Actualizado October 5, 2023 - 12:05 pm

Antes de que pudieran encontrar sus nuevos hogares en el desierto del sur de Nevada, primero tuvieron que darse un baño.

No, no se trataba de un nuevo obstáculo para los futuros compradores de viviendas en el mercado inmobiliario de Las Vegas. Para las 51 tortugas del desierto liberadas el miércoles al sur de Boulder City, era un paso para asegurarse de que los reptiles del desierto tienen suficiente agua en su sistema a medida que se abren camino en su nuevo hábitat.

“Siempre es un gran día. Sales, ves tortugas, sabes que estás haciendo algo bueno por los animales y por las especies en general”, dijo Scott Cambrin, biólogo senior del Programa de Conservación del Desierto del Condado Clark. “Así que sin duda es mejor que estar sentado detrás de un escritorio”.

Cambrin ayudó a dirigir un equipo formado por miembros del personal del programa de conservación junto con más de una docena de biólogos voluntarios en el desierto para liberar las tortugas en la Zona de Conservación de Boulder City, una franja de 87,268 acres de terreno público establecida en 1995 para conservar el hábitat de la especie protegida por el gobierno federal.

La tortuga del desierto está incluida en la lista de especies amenazadas de la Ley de Especies en Peligro desde 1990, pero su número ha seguido disminuyendo en gran parte de su área de distribución desde entonces. Entre 2004 y 2014, el número de tortugas adultas en algunas zonas se redujo en más del 50 por ciento, según el Servicio de Pesca y Vida Silvestre de Estados Unidos.

Según Cambrin, los biólogos voluntarios, cada uno con una o más tortugas, se desplegaron por las zonas de la propiedad en las que el número de tortugas ha caído por debajo de lo que consideran una población sostenible.

Uno a uno, los biólogos recorrieron el paisaje rocoso a la caza de un hábitat privilegiado para las tortugas: un arbusto de creosota grande y sombreado con sabrosas flores silvestres diminutas del desierto cerca o, si tenían suerte, una madriguera de roedor lo suficientemente grande para que una tortuga joven la llamara su futuro hogar.

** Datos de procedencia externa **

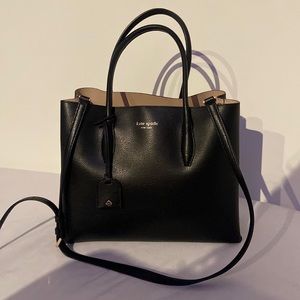 Kate Spade Leather MED Tote Shoulder Bag with straps BLACK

Muchos de los voluntarios que participaron en la liberación del miércoles trabajan como consultores medioambientales, a menudo realizando estudios para grandes proyectos de construcción en los que las empresas tienen que asegurarse de que las tortugas del desierto que puedan encontrarse en el sitio del proyecto se retiran de forma segura.

Entre ellos se encontraba Robert Smith, que trabaja como contratista independiente estudiando y monitoreando tortugas desérticas en sitios en construcción.

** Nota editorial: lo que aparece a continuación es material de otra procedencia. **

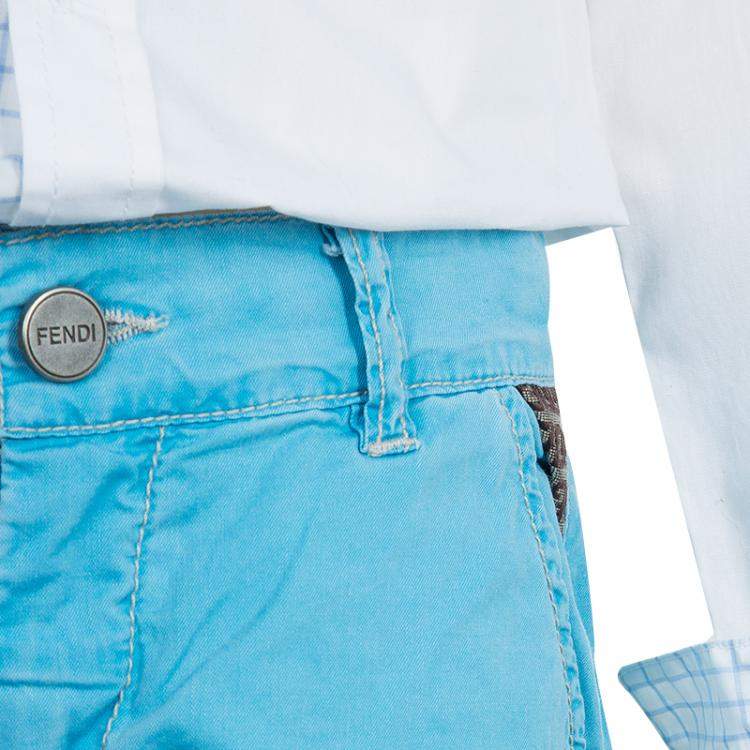 Pre Owned Fendi Kids Light Blue Zucchino Detail Print Shorts 6 Yrs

Ayudar a reubicar a las tortugas ayuda a biólogos como Smith a acumular tiempo manipulando tortugas salvajes, algo que el Servicio de Pesca y Vida Silvestre de Estados Unidos exige antes de calificar a alguien como “biólogo autorizado”, o supervisor que realmente puede manipular a los reptiles en sitios de construcción y otros trabajos.

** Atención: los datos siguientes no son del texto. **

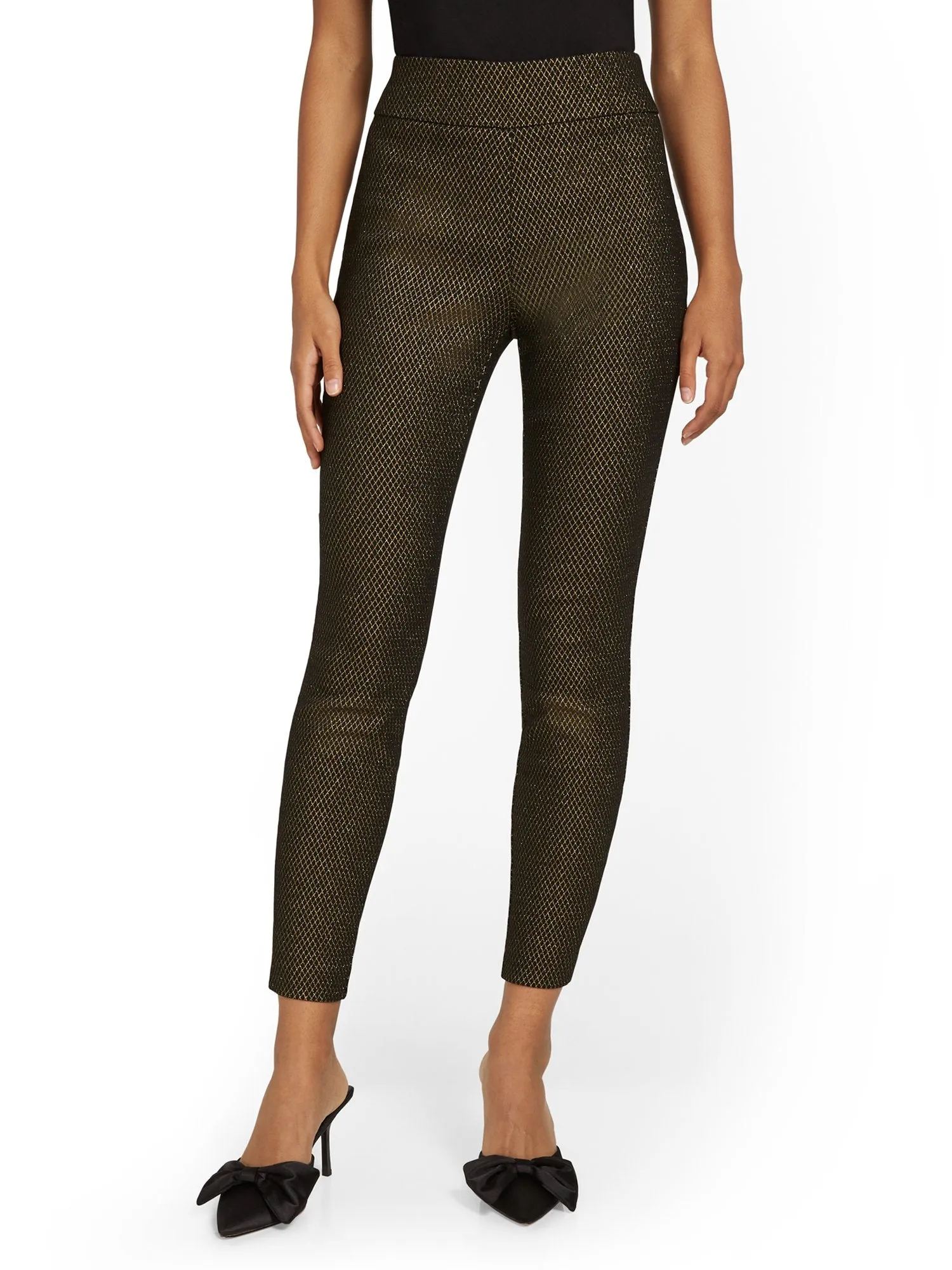 Whitney High-Waisted Pull-On Slim-Leg Pant - Metallic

Smith, de 42 años, lleva más de tres trabajando con tortugas, pero el miércoles fue su primera vez en un proyecto de reubicación. Dice que es difícil llamar trabajo a lo que hace ahora, pero que ha resultado ser “el trabajo mejor pagado que he tenido nunca, tanto económica como emocionalmente”.

“Está muy lejos de ser un trabajo, más bien es un pasatiempo y solo una experiencia en la naturaleza”, afirma Smith.

Algunas de las tortugas eran más jóvenes para una especie que puede vivir hasta 80 años, pero Cambrin dijo que son lo bastante viejas como para que sus caparazones puedan resistir el pico de un cuervo, uno de los principales depredadores de las tortugas en la zona.

Las liberaciones como la que tuvo lugar el miércoles se realizan unas pocas veces al año, a menudo en mayo y octubre, que suelen propiciar las temperaturas del aire y las condiciones necesarias para tales liberaciones, explicó Cambrin.

Cambrin afirma que es difícil saber en qué medida la liberación de las pocas docenas de tortugas ayudará a la población general de la zona, ya que a muchas de ellas aún les faltan años para alcanzar la madurez sexual.

Pero mientras una parte de ellas sobreviva y alcance la edad de reproducción, dijo Cambrin, “entonces pueden ayudar a mantener esa población en el futuro”.